Start of RECORDS SUPPLIED
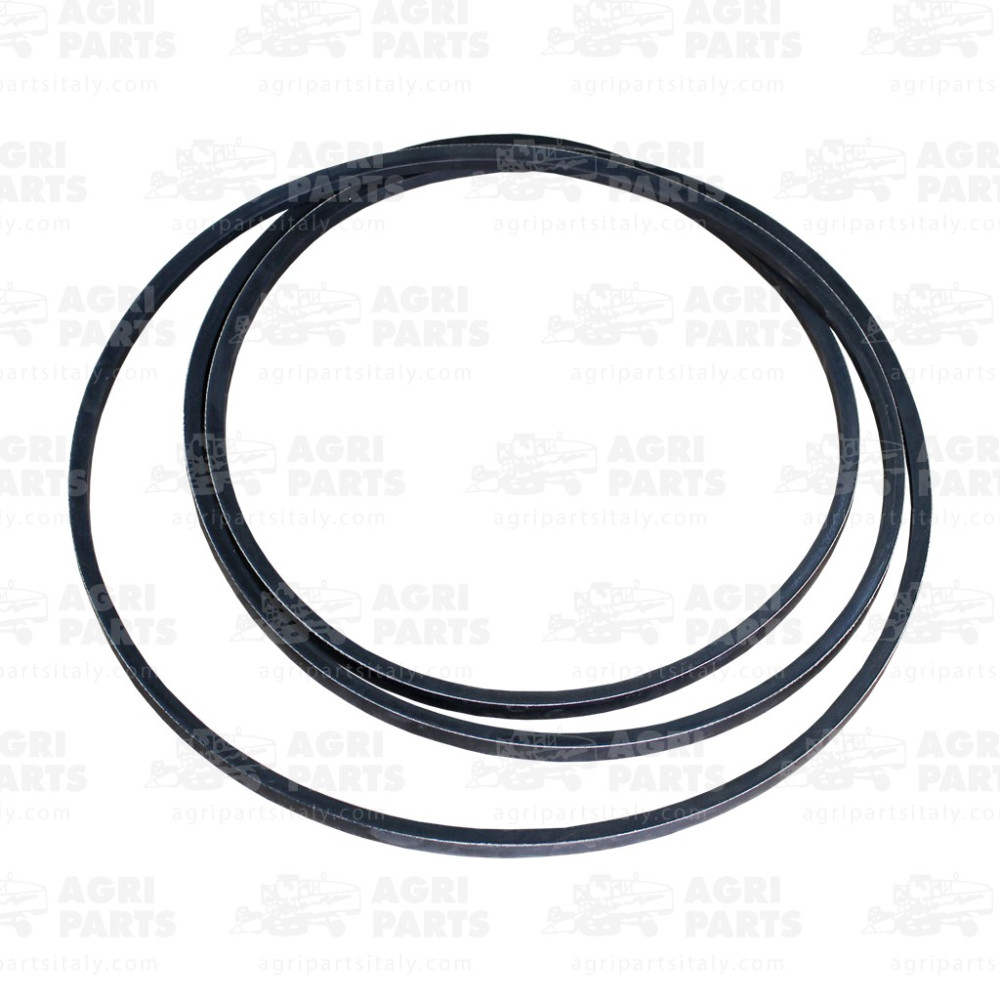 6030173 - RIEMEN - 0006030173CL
End of RECORDS SUPPLIED
Start of RECORDS SUPPLIED
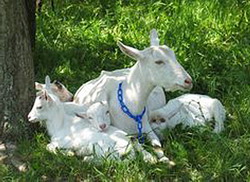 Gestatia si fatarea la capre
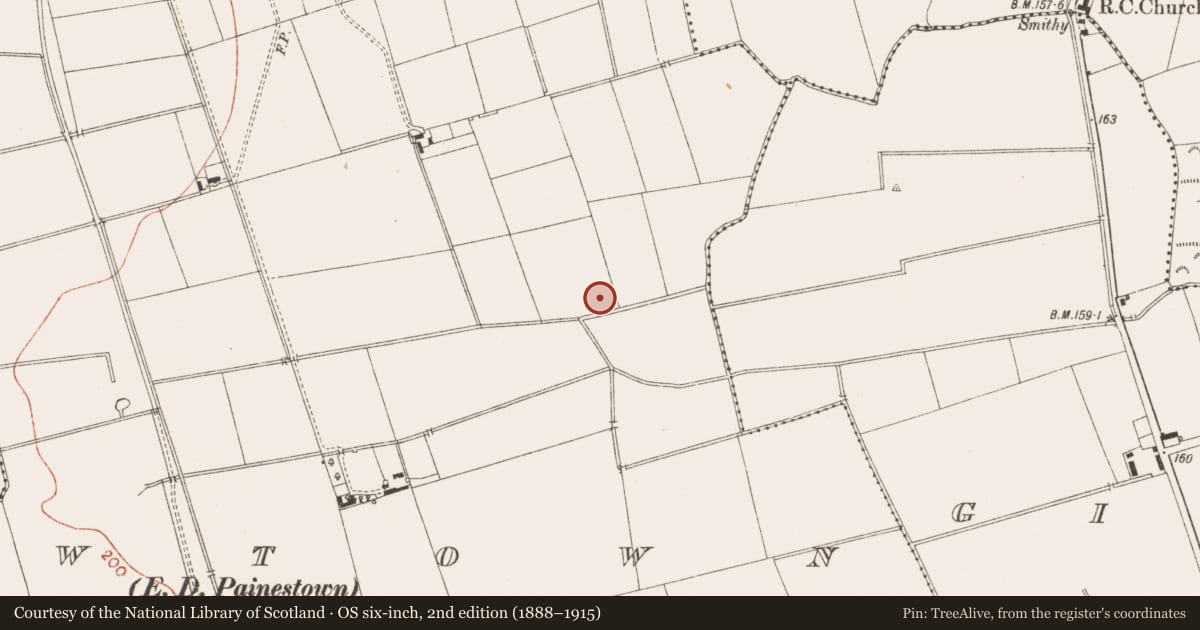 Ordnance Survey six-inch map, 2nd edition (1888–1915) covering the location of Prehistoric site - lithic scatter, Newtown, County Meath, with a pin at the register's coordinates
End of RECORDS SUPPLIED
Nothing but the lines from the one containing "Gestatia si fatarea la capre" through the one containing "Ordnance Survey six-inch" should appear, copied exactly from the material above and without pictures.

 Gestatia si fatarea la capre
 Ordnance Survey six-inch map, 2nd edition (1888–1915) covering the location of Prehistoric site - lithic scatter, Newtown, County Meath, with a pin at the register's coordinates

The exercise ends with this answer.